Any other thoughts? Thank you in advance.
I have seen a similar issue when using a bonito-trained model with guppy. I lose a HUGE amount of reads to the dreaded "unclassified" bin.
Have you managed to find any way of recovering these lost reads @menickname?
Hi @mbhall88 and @menickname, I am experiencing the exact same problem, do you have any update on this issue? any progress/experience will be greatly appreciated. Thank you very much!
Hi @CWYuan08, sadly no. I tried a lot of different things - e.g., chopping raw signal of the start and end before training etc. But to no avail.
I basically had to abandon the project as I couldn't justify losing so many reads to demultiplexing
Thank you @mbhall88 for sharing your update, sorry to hear you had to stop there.
hi @CWYuan08 and @mbhall88, I have indeed not found a solution on the Bonito demultiplexing itself. To still make use of the Bonito tool, I use demultiplexed files from MinKNOW as input.

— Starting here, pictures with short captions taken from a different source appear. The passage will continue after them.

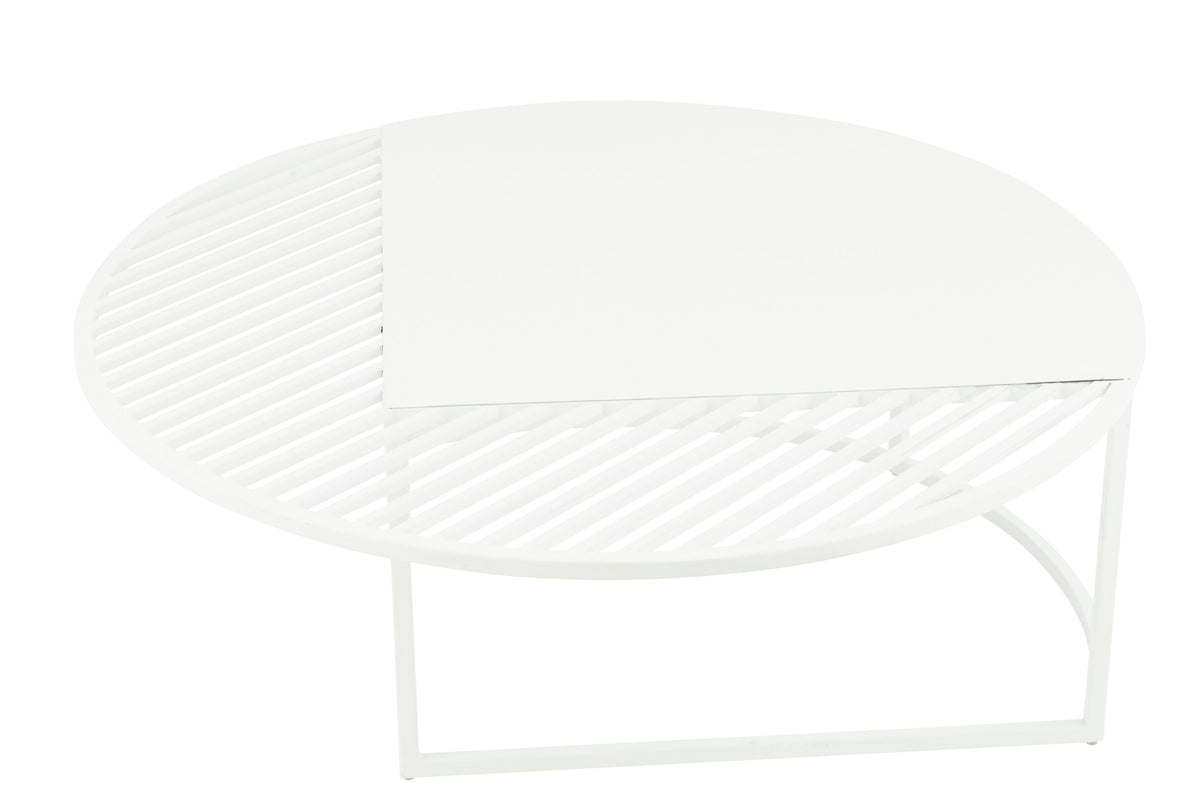Side Table Outdoor Round Metal White
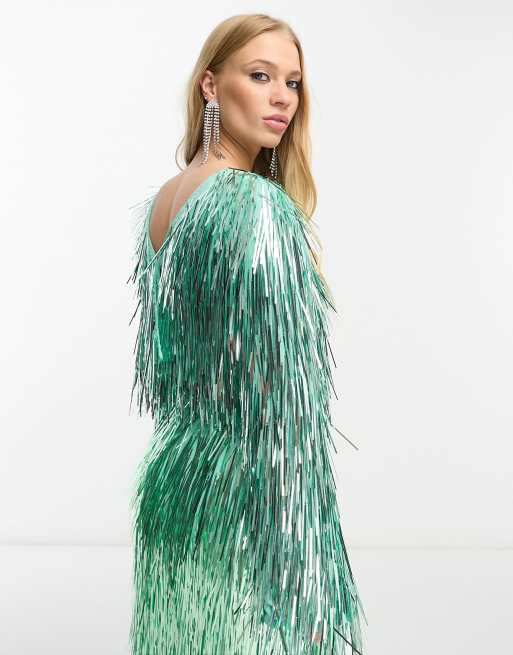 ASOS EDITION metallic fringe crop top in green - part of a set, 2 of 4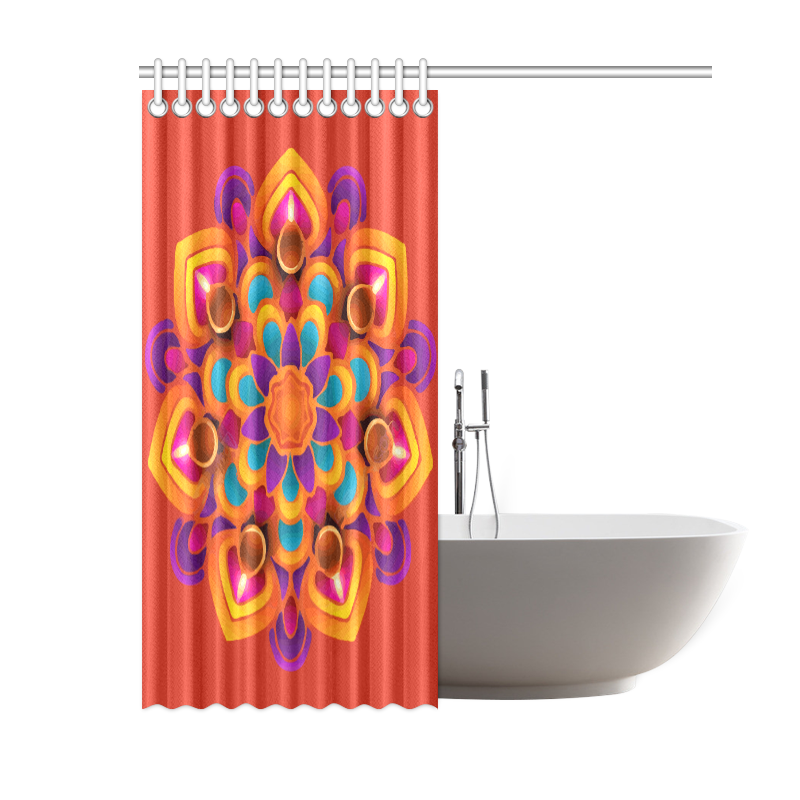 Red Orange Purple Mandala Shower Curtain 60"x72"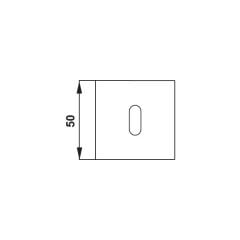 Hafele Kare Wc Kapı Kolu Rozeti 50mm, Parlak Krom Renk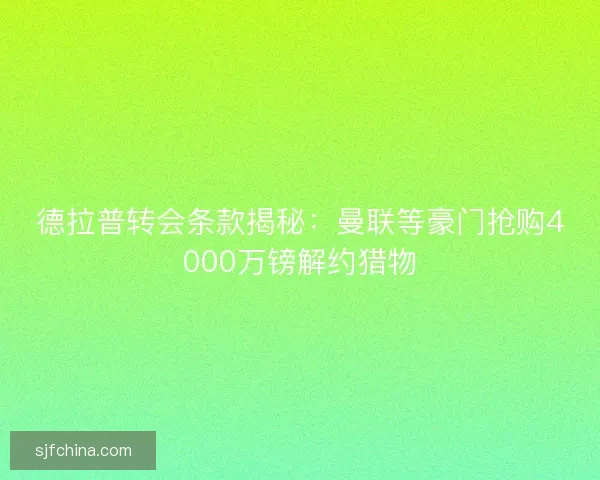 德拉普转会条款揭秘：曼联等豪门抢购4000万镑解约猎物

Since we are using a GridION sequencing device, we perform real-time super-accurate base calling and demultiplexing with Guppy (within MinKNOW). This generates both fastq and fast5 files per barcode. Then I simply use the demultiplexed fast5 files as input for the Bonito software. Not the most efficient solution, but it is how I can still use Bonito for base calling with custom models.
Would using an existing model and improving it (--pretrained
) for our species of interest be a better strategy?